= William Chauncey Kibbe =

American pioneer (c. 1822–1904)

William Chauncey Kibbe (c. 1822–1904) was a California pioneer and the third Adjutant General of California who oversaw the California Militia from its beginnings through most of the American Civil War.

==Early life==
William C. Kibbe was born in Illinois in about 1822. He moved to New York City as a young man, teaching school in Brooklyn. He rose to become Principal of Public School #19. When news of the California Gold Rush came he went to California to seek his fortune as a miner.
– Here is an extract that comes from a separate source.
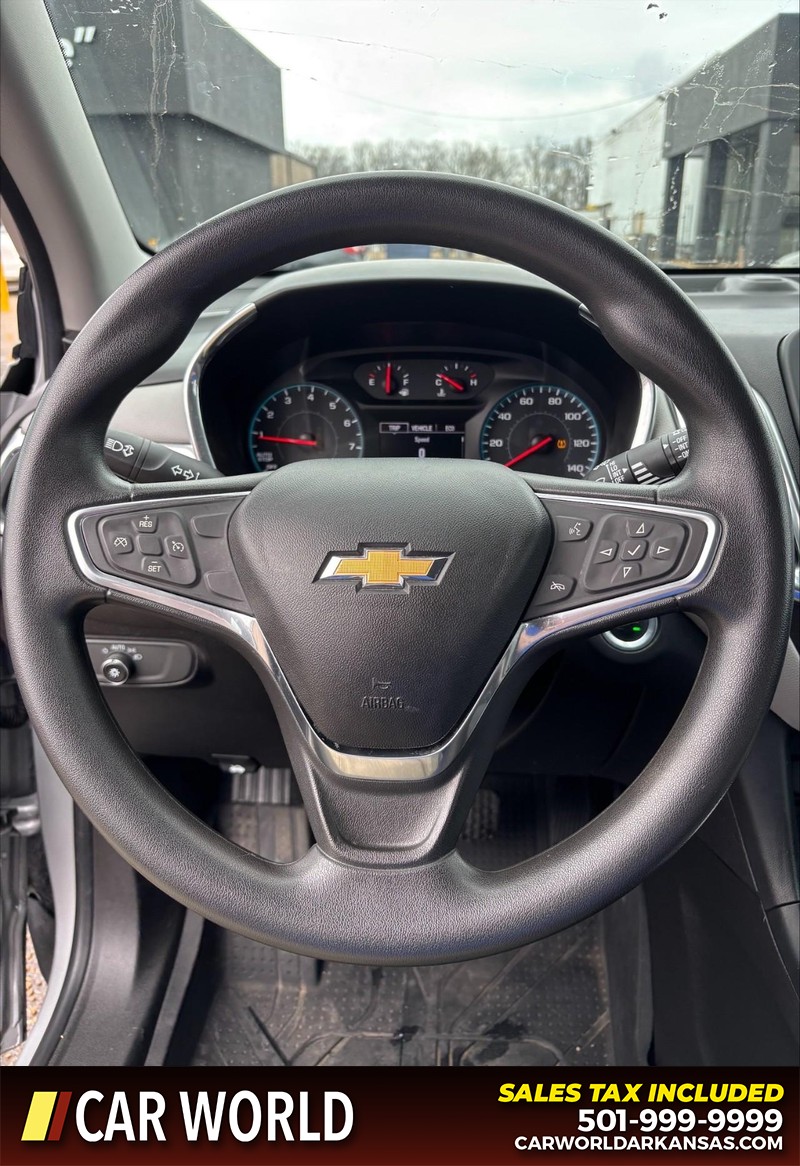 Chevrolet Equinox Vehicle Full-screen Gallery Image 19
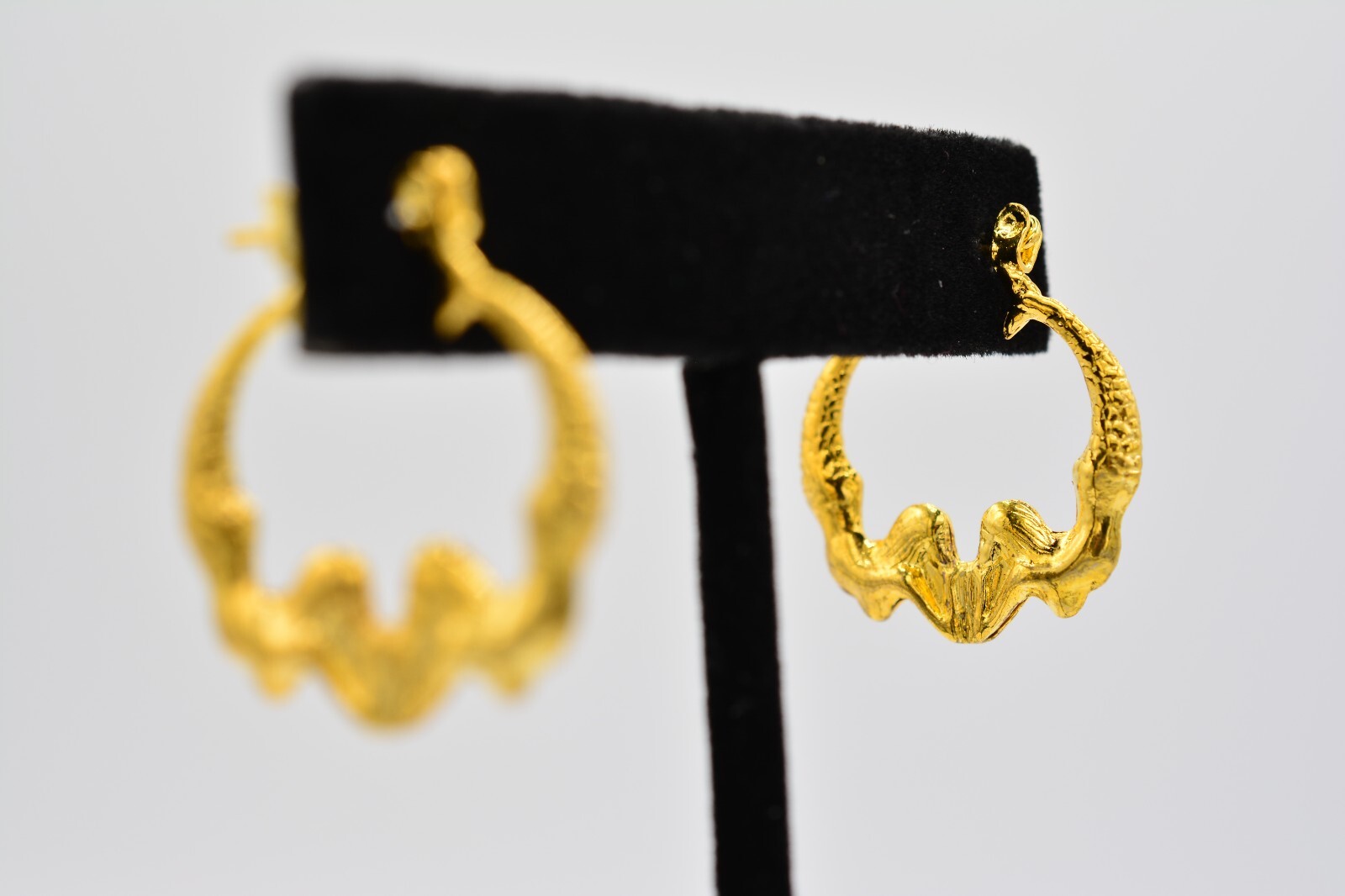 Vintage Hoop Earrings Kissing Mermaids Gold Lightweight Metal NOS 1980s BinA1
With no success in the mines he turned to politics.

== Quartermaster and Adjutant General of California ==
William C. Kibbe was appointed by Governor John
McDougal as California's third Quartermaster General in June, 1852, and after William H. Richardson resigned, due to the provisions of the Militia Law of 1852 became the Adjutant General of California in charge of the California Militia also. He was elected to the office of Adjutant General in 1854.

In 1855, Kibbe wrote a drill manual for the California Militia, The volunteer: containing exercises and movements of infantry, light infantry, riflemen and cavalry, as a drill manual for the California Militia.

In 1858, Kibbe was responsible for organizing the Klamath & Humboldt Expedition led by Captain Isaac G. Messec to fight the Wintoon War of 1858-59 against the Whilkut people. In 1859, he oversaw the State of California's Pitt River Expedition against the Achomawi and Atsugewi tribes in the vicinity the Pit River in Northeastern California. He sent Militia units from California to help the settlers in Nevada during the Paiute War.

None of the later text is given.